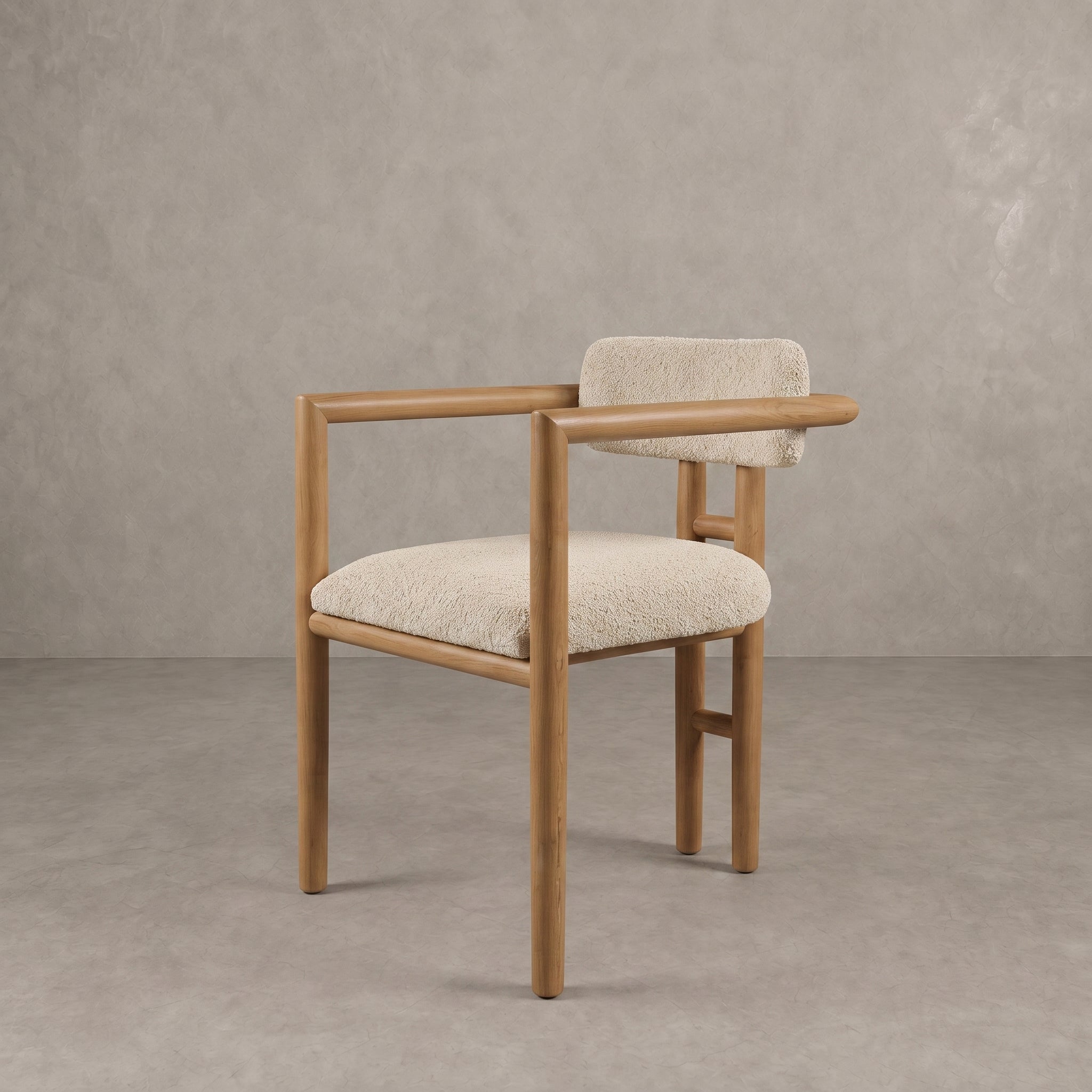 Handcrafted Moroccan Walnut Bouclé Armchair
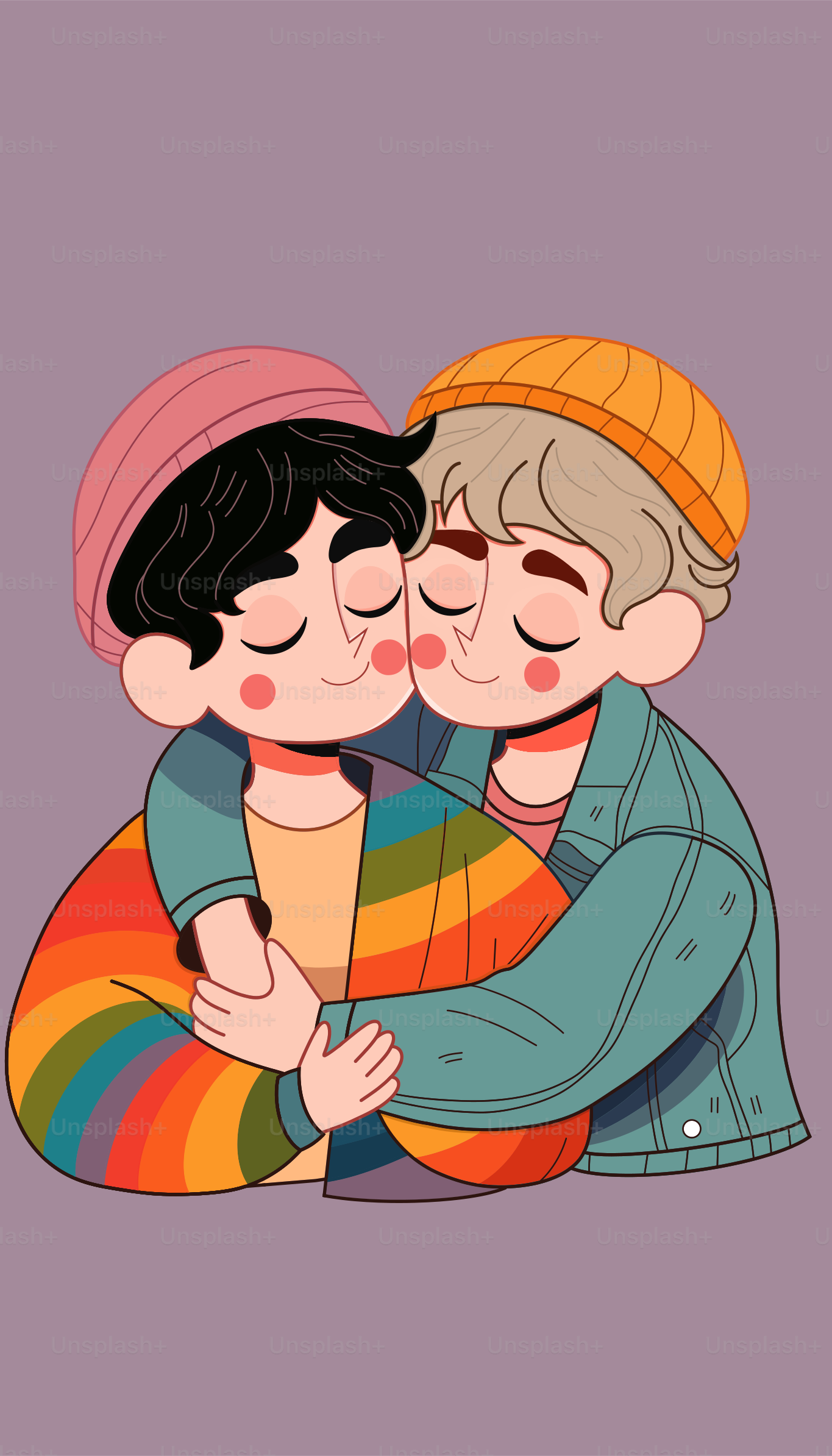 A couple of kids hugging each other on a purple background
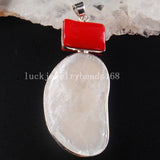 Mother of Pearl Shell Red Coral Pendant Bead C3772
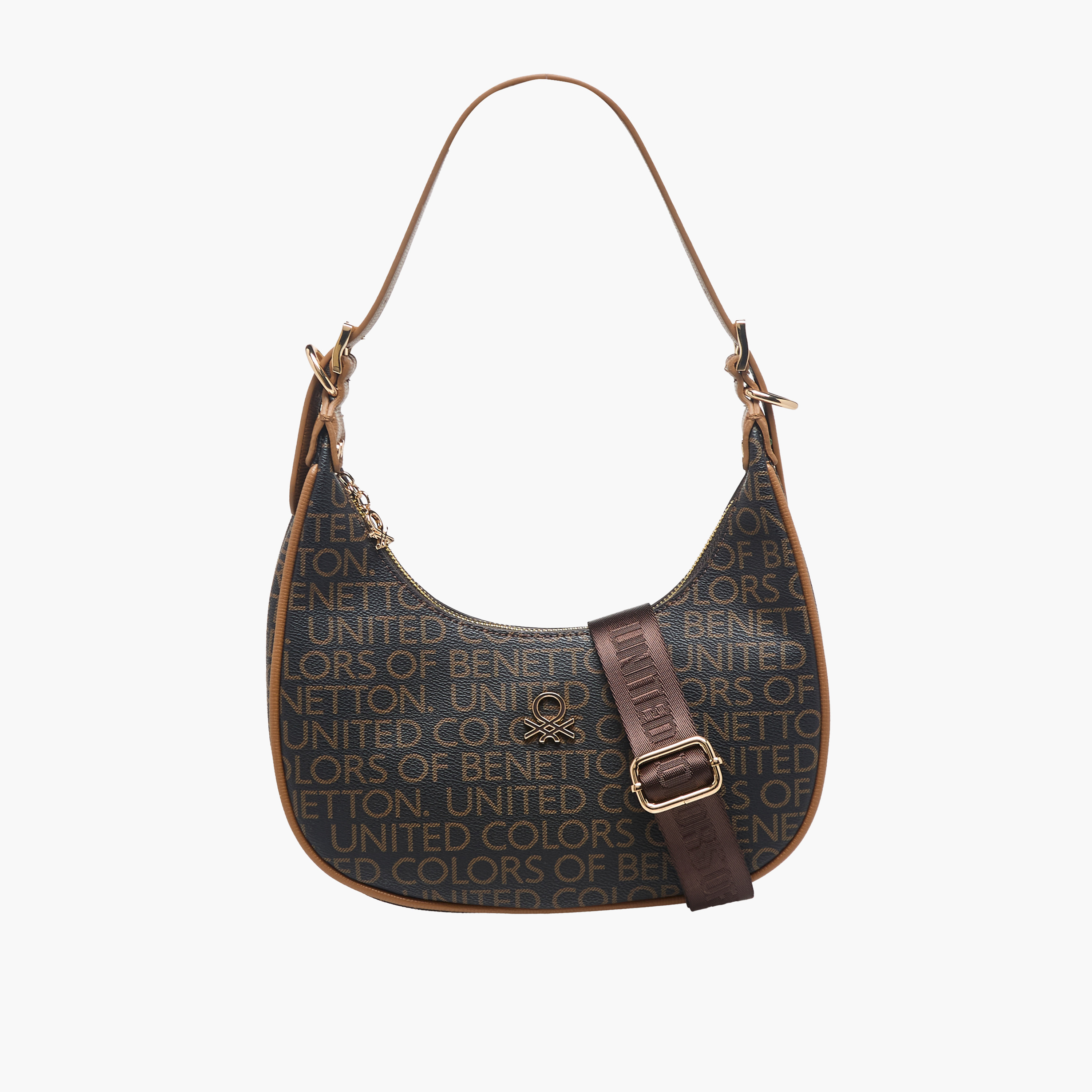 United Colors of Benetton Monogram Print Baguette Bag with Zip Closure-women-bagsandwallets-handbags-image-1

> [Exercise]
Write down the full listing above exactly as it is, except for any images.

> [Task result]
 Handcrafted Moroccan Walnut Bouclé Armchair
 A couple of kids hugging each other on a purple background
 Mother of Pearl Shell Red Coral Pendant Bead C3772
 United Colors of Benetton Monogram Print Baguette Bag with Zip Closure-women-bagsandwallets-handbags-image-1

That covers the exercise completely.